- The drive by the Ministry of Education (Region 4), to achieve 100 per cent literacy by the year 2015 in St. James, Hanover and Westmoreland, has received strong backing from key stakeholders, including the students.
- While the success of the plan is heavily dependent on the efforts of officers at the Ministry, who will be using different reading methods at schools under their supervision, it also calls for support from parents to encourage their children to read.
- Several students tell JIS News that they welcome the initiative, dubbed Read Until Something Happens (RUSH).
The drive by the Ministry of Education (Region 4), to achieve 100 per cent literacy by the year 2015 in St. James, Hanover and Westmoreland, has received strong backing from key stakeholders, including the students.
While the success of the plan is heavily dependent on the efforts of officers at the Ministry, who will be using different reading methods at schools under their supervision, it also calls for support from parents to encourage their children to read.
Several students tell JIS News that they welcome the initiative, dubbed Read Until Something Happens (RUSH).

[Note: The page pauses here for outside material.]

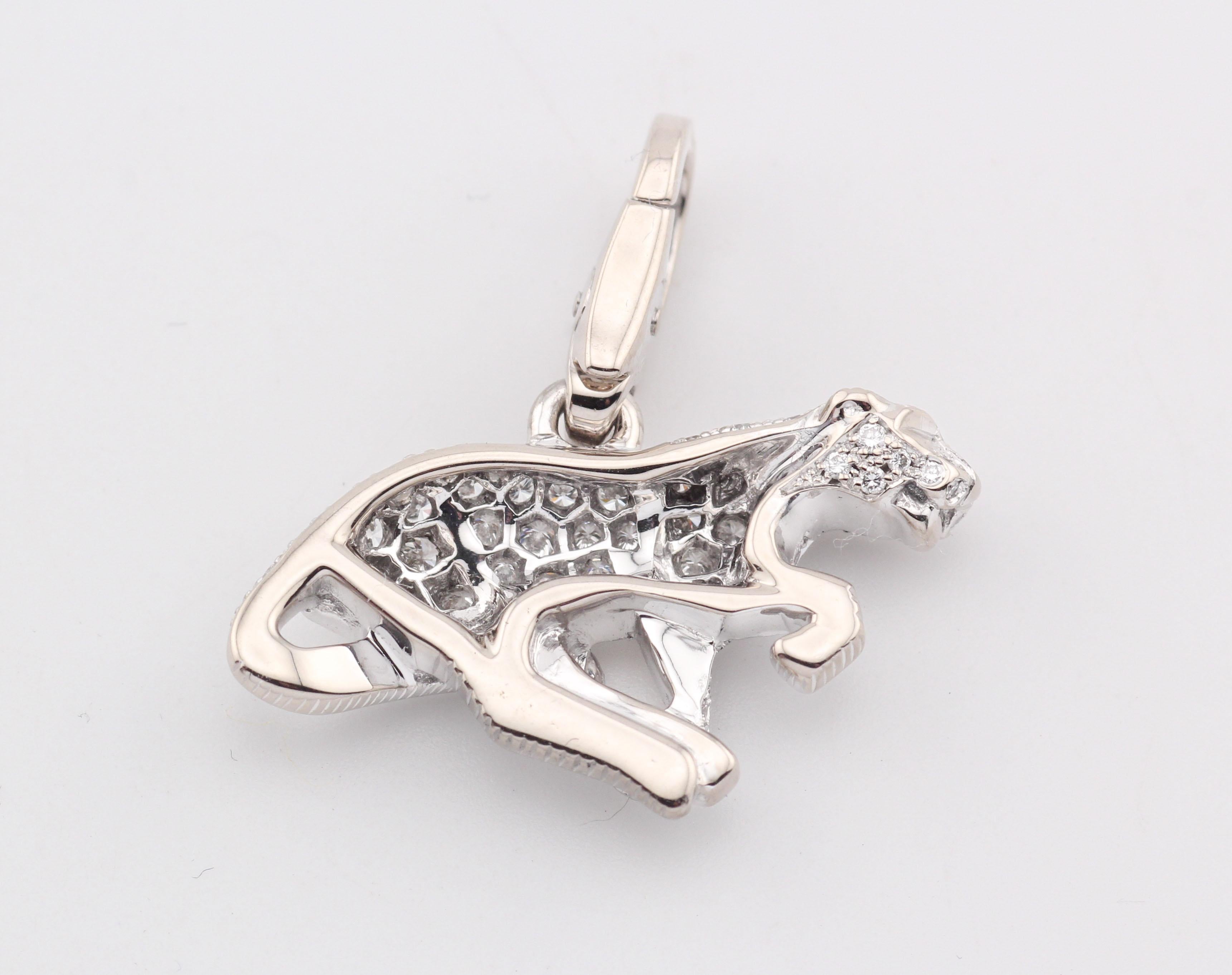 Evoca lo spirito della natura selvaggia con il Ciondolo Charm Panthère di Cartier in diamanti e oro bianco 18 carati, una testimonianza dell'eredità di Cartier in fatto di grazia, potere e raffinatezza. Questo pezzo squisito incarna l'essenza feroce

Student at the St. James-based Bogue Hill All Age School, Roxene Tucker, says through the programme they will achieve their goals, “and as Fredrick Douglas said, ‘once you learn to read you are forever free’.”
“This programme teaches you all about reading, and we get to have fun. And, people should read because it can build their vocabulary,” she notes.
Another student at the school, Marteno Martin, tells JIS News that, “you will get a greater feel of imagination from reading, and it can spark creativity.”
“I like this programme because it is fun, it teaches people to read, and all the students will enjoy the programme,” he said.
Meanwhile, Arianna Williams of Retrieve All Age School, tells JIS News that literacy is essential for life-long success. “If you read, it can bring you anywhere through the world, you can get a proper job, and you can be something good in life,” she says.
Regional Director at the Ministry of Education, Hilary Foster, outlined at the recent launch, held at the Montego Bay Community College, in St. James, that the overarching objectives of the programme are: raising the level of literacy awareness, fostering greater participation within and among schools, strengthening the intrinsic relationship among the home, school and the wider community.
“Let us collectively work together to achieve this strategic objective of the Ministry of Education – the attainment of 100 per cent literacy by all students by 2015 – as we read and read until we achieve our ultimate goal,” the Regional Director told the audience.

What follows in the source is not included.